(GIVEN DATA begins)

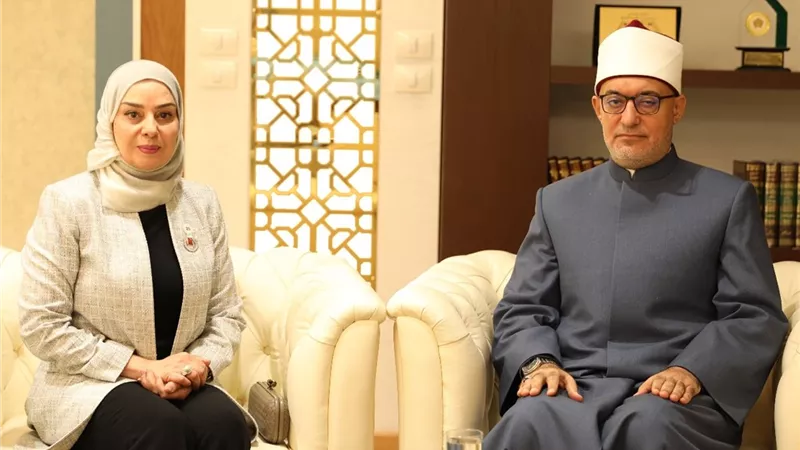 سفيرة البحرين تدعو مفتي الجمهورية لحضور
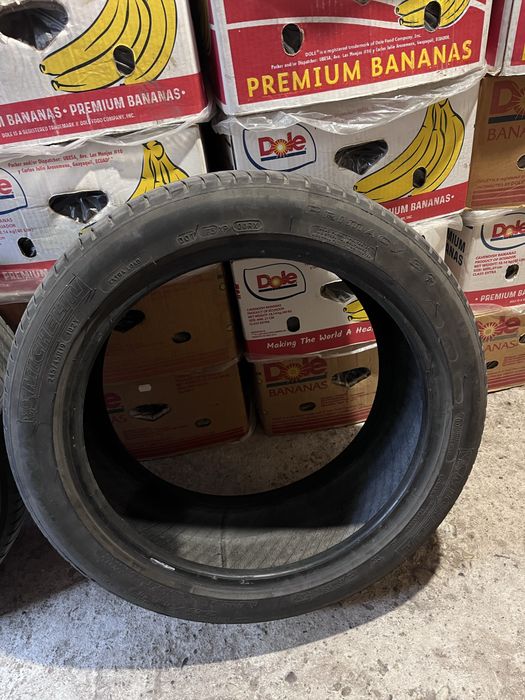 Продавам две летни гуми 19-ки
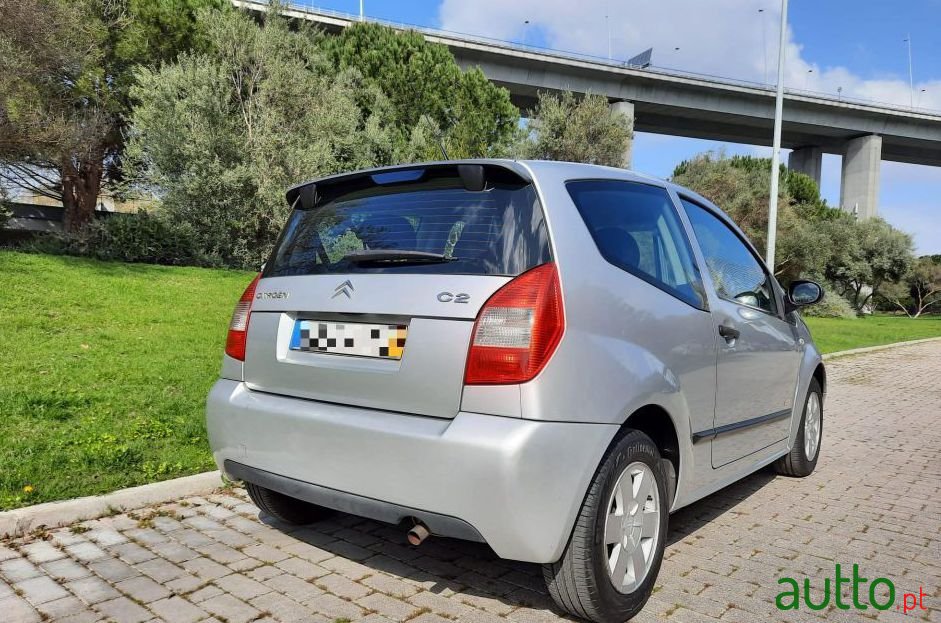 2007' Citroen C2 photo #2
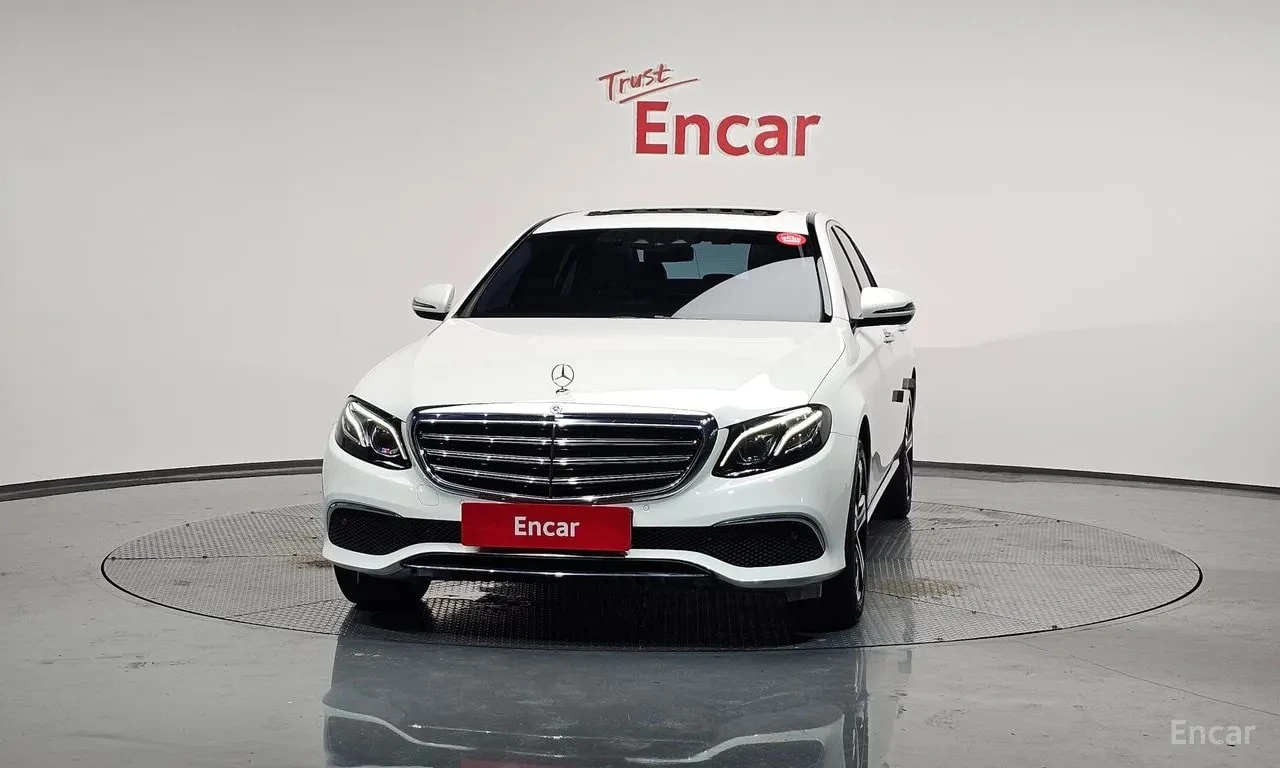 Mercedes-Benz E 220 / DISTRONIC / ЦЕНА ДО БЪЛГАРИЯ , снимка 3 - Автомобили и джипове - 55843746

(GIVEN DATA ends)

WHAT TO DO: Pictures are to be dropped, and the lines from the line with "2007' Citroen C2 photo #2" through the end of the material above are to be reproduced exactly.

RESPONSE AREA:
 2007' Citroen C2 photo #2
 Mercedes-Benz E 220 / DISTRONIC / ЦЕНА ДО БЪЛГАРИЯ , снимка 3 - Автомобили и джипове - 55843746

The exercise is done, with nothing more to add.